START EXERCISE MATERIALS

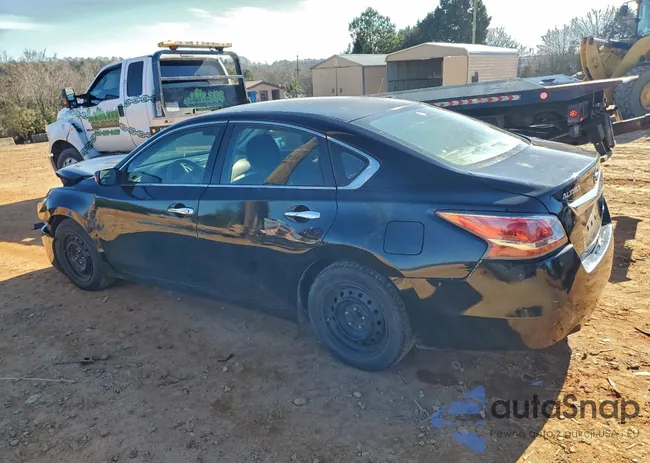 1N4AL3AP2EC100010: 92478055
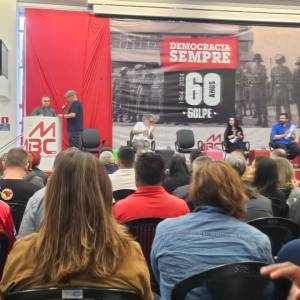 95106c76-0a47-4885-8a07-a14b9be7fabd_original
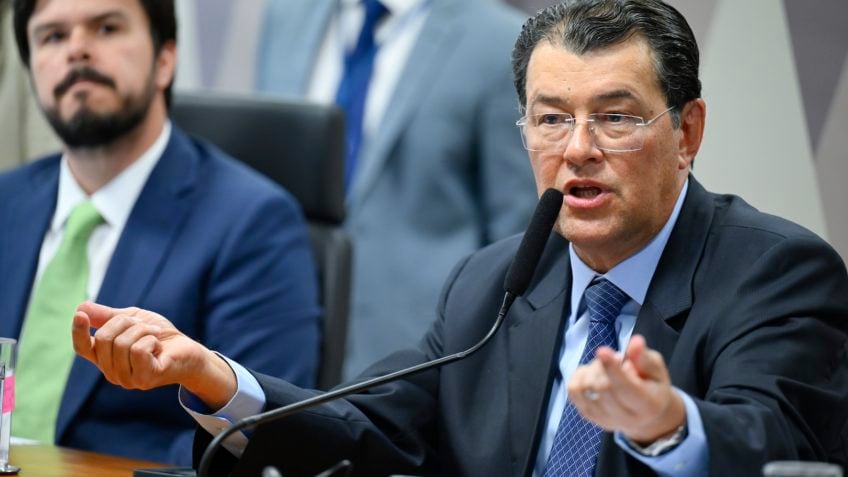 Comissão adia votação relatório da reforma do setor elétrico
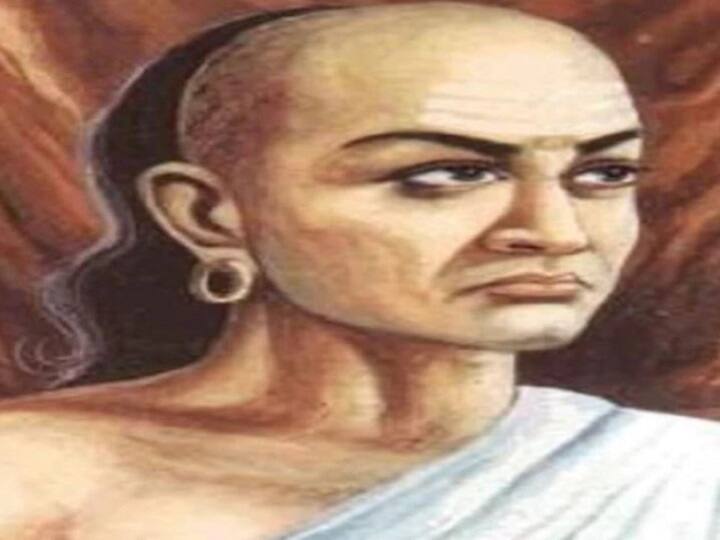 Chanakya niti: Students giving competitive examination must keep this in mind चाणक्‍य नीति: कम्पटीशन एग्जाम देने वाले छात्र जरूर रखें इन बातों का ध्यान
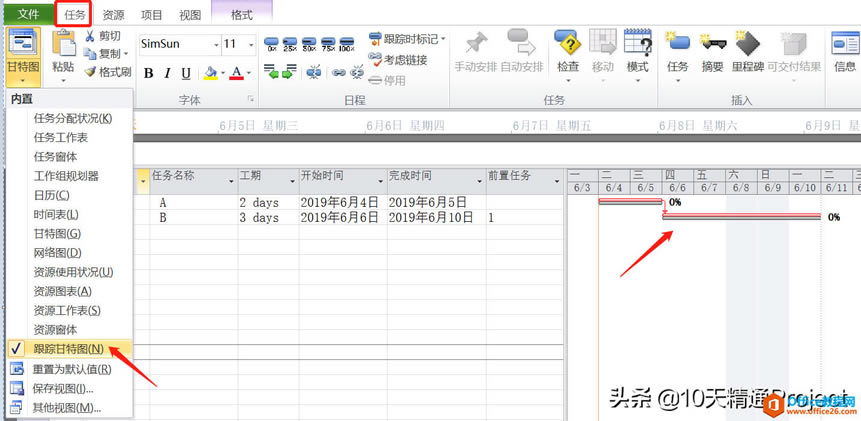 ̡̳ProjectܛлӋǰӋcHB֮gPϵ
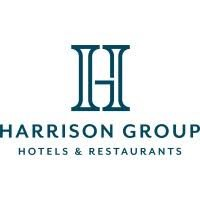 Restaurants & Hotels/Resorts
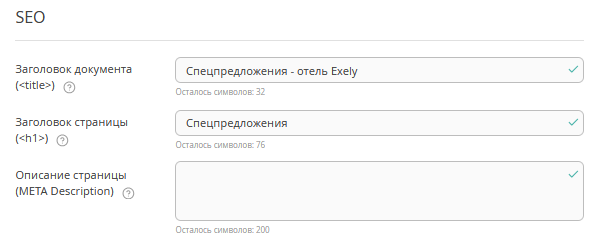 6deca31e42059f412afcd4a32283d0d6.png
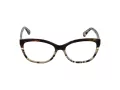 Marciano by Guess Naočare GM 0374 052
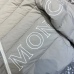 Moncler Coats/Down Jackets for Women's #A27663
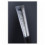 Colonne d'éclairage extérieur DALI MAXIMA- IP65 - IK 08 - HAUTEUR 2 M - LED SMD 42W - 6193 lm -CRI80 - ANTHRACITE- 2700K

END EXERCISE MATERIALS

# PROBLEM STATEMENT
Using the data above, output the line that has "Comissão adia votação", the line that has "6deca31e42059f412afcd4a32283d0d6.png", and whatever lines fall between, each exactly as it stands and without pictures.

# RESPONSE TO THE EXERCISE
 Comissão adia votação relatório da reforma do setor elétrico
 Chanakya niti: Students giving competitive examination must keep this in mind चाणक्‍य नीति: कम्पटीशन एग्जाम देने वाले छात्र जरूर रखें इन बातों का ध्यान
 ̡̳ProjectܛлӋǰӋcHB֮gPϵ
 Restaurants & Hotels/Resorts
 6deca31e42059f412afcd4a32283d0d6.png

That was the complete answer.